__Your task__: Each line from the one with "skydiving Tabasco" through the end of the records below should be transcribed exactly, and each picture should be skipped.

Short descriptive text snippets
*****

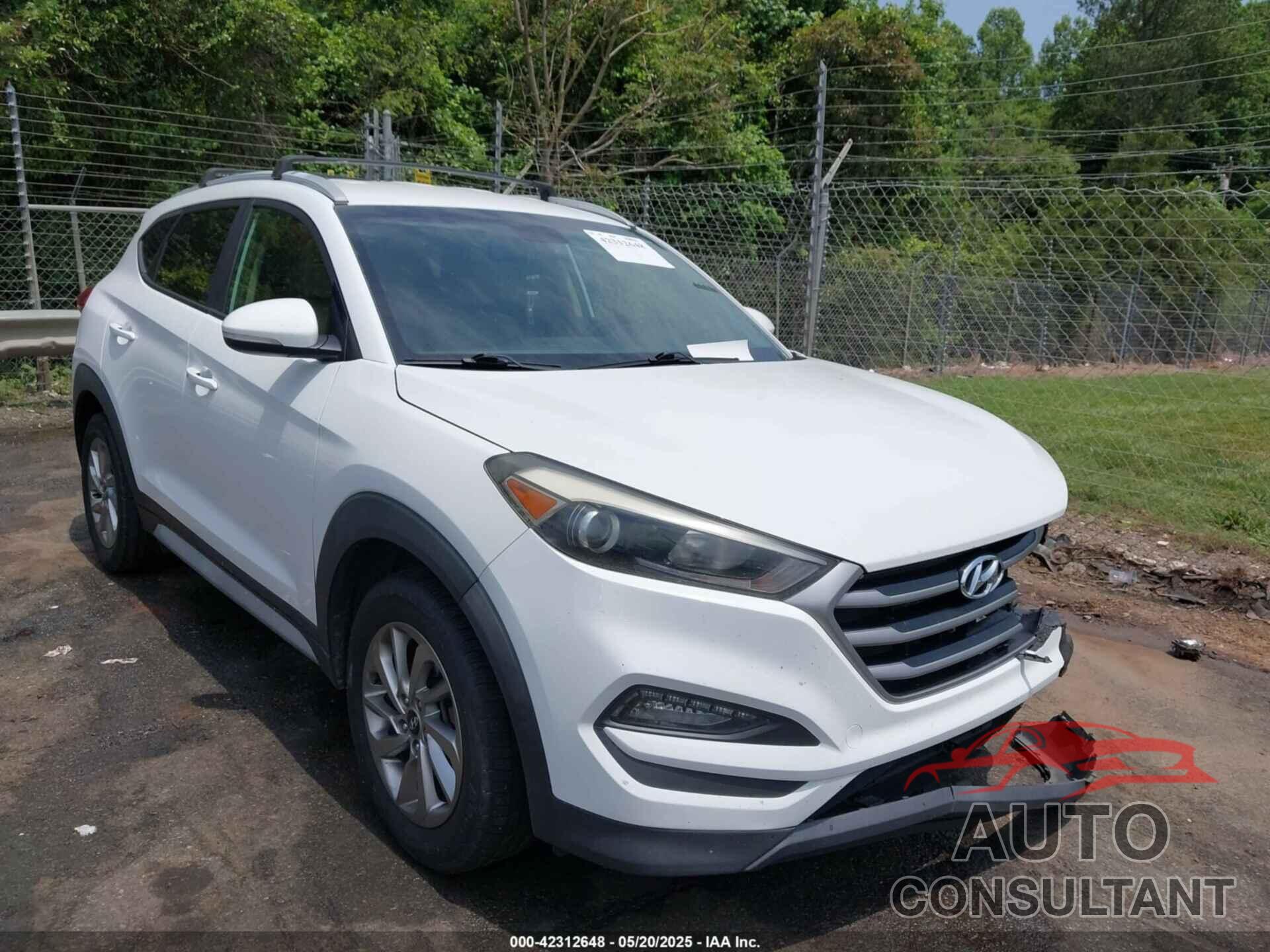 HYUNDAI TUCSON 2018 - KM8J33A41JU636835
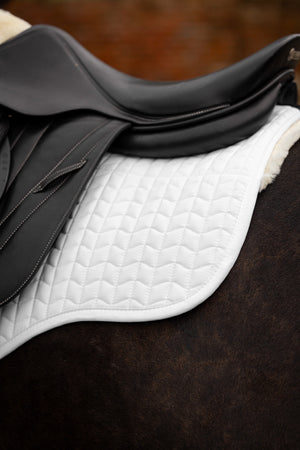 Tapis Mixte LeMieux Suédine Merino+ - Blanc/Naturel - lifestyle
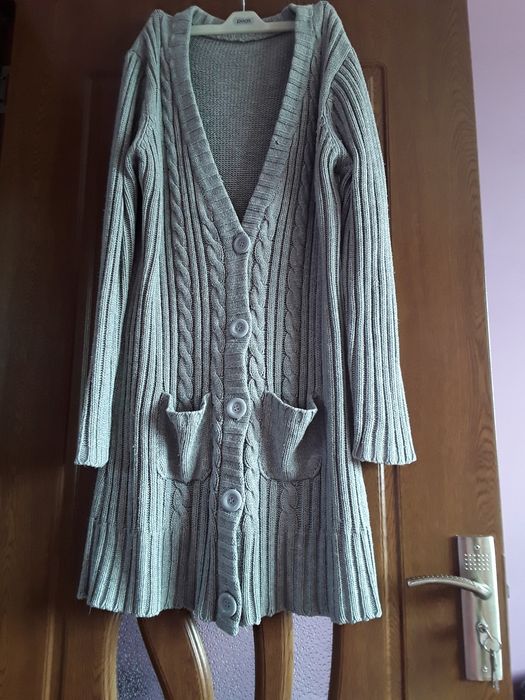 Vând Cardigan Damă Lung Gros de Iarnă Mărimea XL-XXL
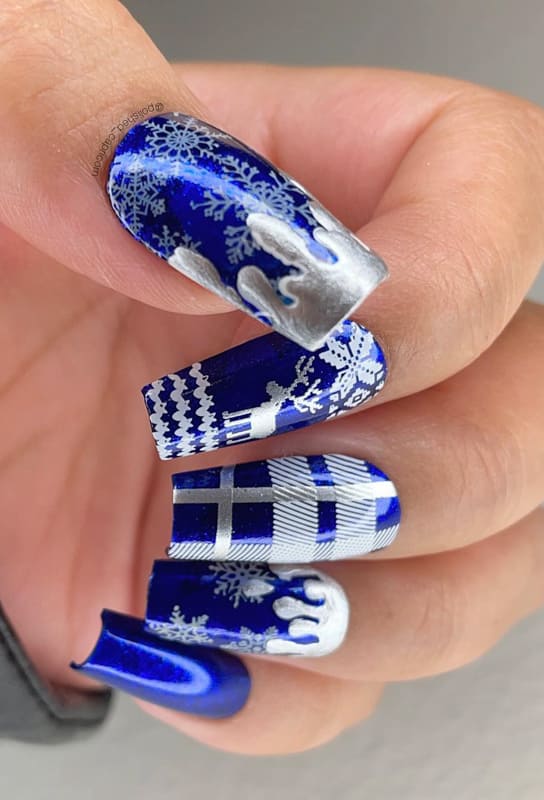 Cute blue and silver nails with snow
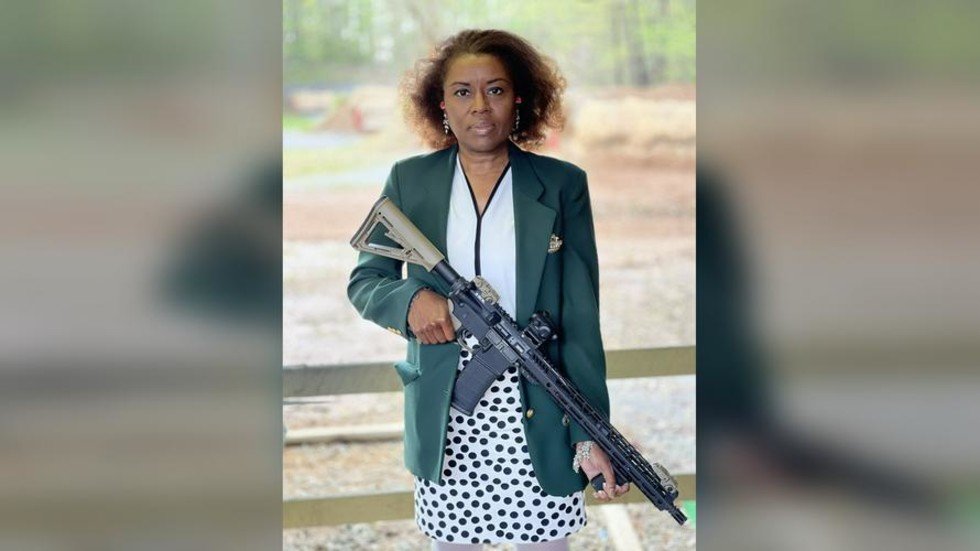 Gun Loving Ex Marine Winsome Sears Becomes Virginias First Black And Female Lieutenant Governor 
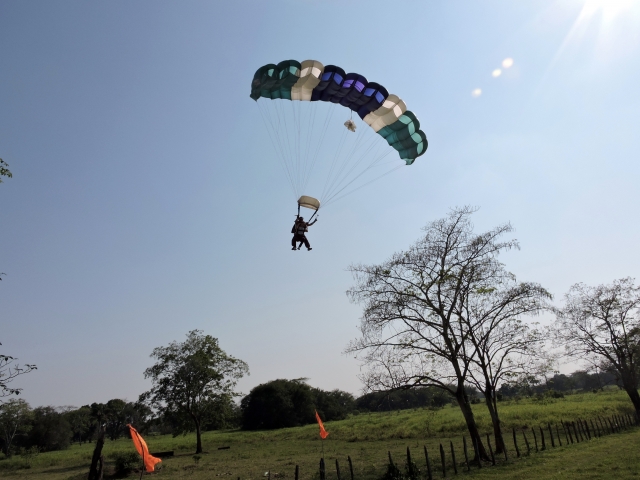  skydiving Tabasco 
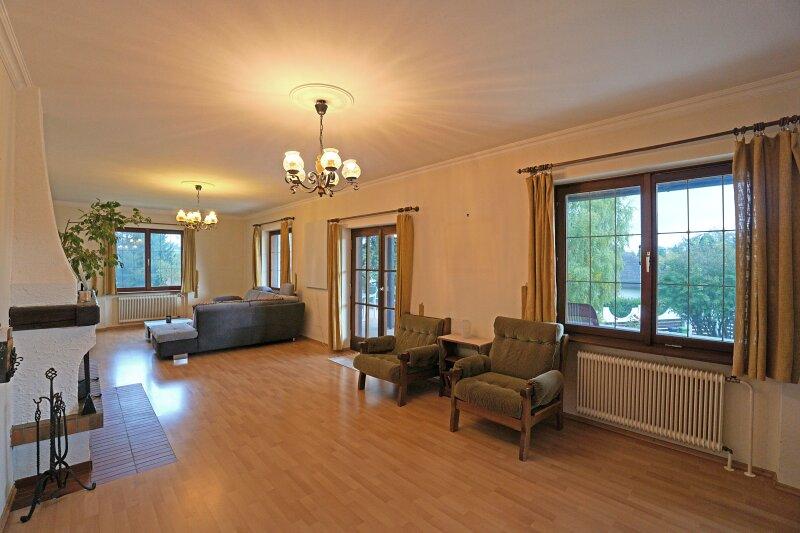 Wohnsalon mit Terrassenausgang und offenem Kamin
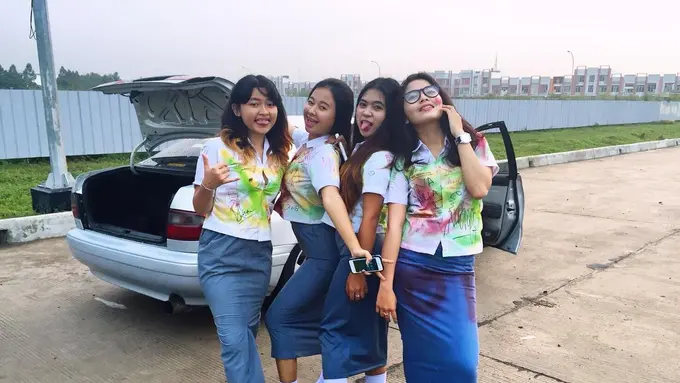 [Bintang] 4 Cara Cewek Rayakan Kelulusan Ujian Nasional, Kamu Ngapain?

*****

__Expected answer__:
  skydiving Tabasco 
 Wohnsalon mit Terrassenausgang und offenem Kamin
 [Bintang] 4 Cara Cewek Rayakan Kelulusan Ujian Nasional, Kamu Ngapain?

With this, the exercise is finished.